## TASK REQUIREMENTS
What you return should match the data word for word, minus the images.

## DATA SECTION
↓

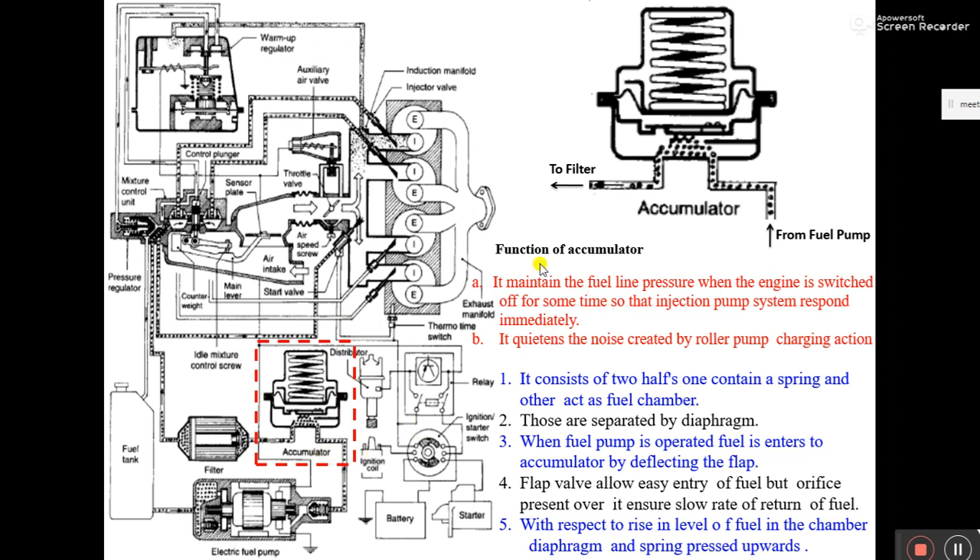The function of the accumulator is to maintain fuel line pressure when the engine is switched off for some time, so that the injection system responds immediately when the engine is restarted. Short run means for 5 to 10 minutes we are switching off our vehicle and after that again switching it on for further journey. It maintains fuel line pressure so the fuel pump does not need extra work to rebuild pressure from scratch.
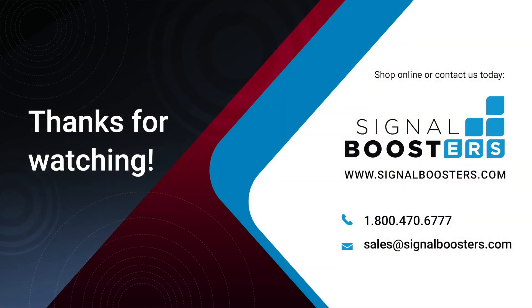So that covers how to install a cell phone signal booster in your car. If you've got any questions about your installation, give us a call or check out our support center online — we'll be happy to help you out. Check out some of our other videos and please subscribe to our channel for new videos every week. Thanks for watching, we'll see you next time.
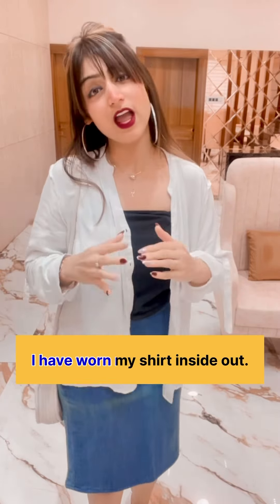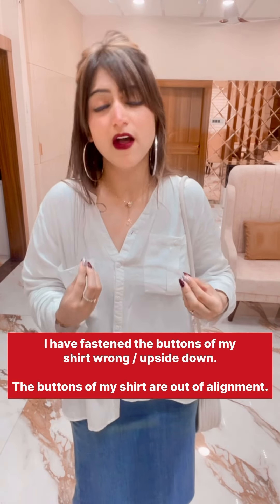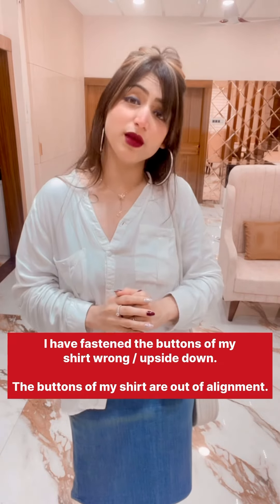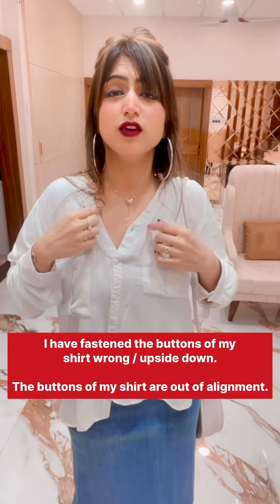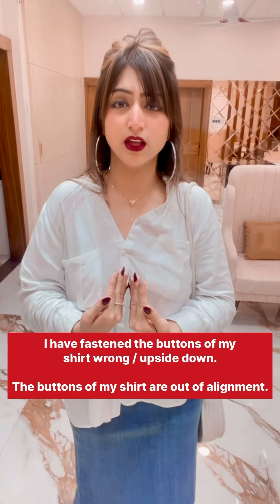Look, I am wearing my shirt. Oh, Mama. Put your shirt on. Really? I have put my shirt on. I don't know what to do. Okay, Mama, I will let it show you. So, if you put your shirt on, I have put my shirt on — we will say: I have fastened the buttons of my shirt wrong. I have fastened the buttons of my shirt wrong, or you can also say: the buttons of my shirt are out of alignment. They are out of alignment — they are not aligned properly.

↑

## RESULT OF THE EXERCISE
The function of the accumulator is to maintain fuel line pressure when the engine is switched off for some time, so that the injection system responds immediately when the engine is restarted. Short run means for 5 to 10 minutes we are switching off our vehicle and after that again switching it on for further journey. It maintains fuel line pressure so the fuel pump does not need extra work to rebuild pressure from scratch.
So that covers how to install a cell phone signal booster in your car. If you've got any questions about your installation, give us a call or check out our support center online — we'll be happy to help you out. Check out some of our other videos and please subscribe to our channel for new videos every week. Thanks for watching, we'll see you next time.
Look, I am wearing my shirt. Oh, Mama. Put your shirt on. Really? I have put my shirt on. I don't know what to do. Okay, Mama, I will let it show you. So, if you put your shirt on, I have put my shirt on — we will say: I have fastened the buttons of my shirt wrong. I have fastened the buttons of my shirt wrong, or you can also say: the buttons of my shirt are out of alignment. They are out of alignment — they are not aligned properly.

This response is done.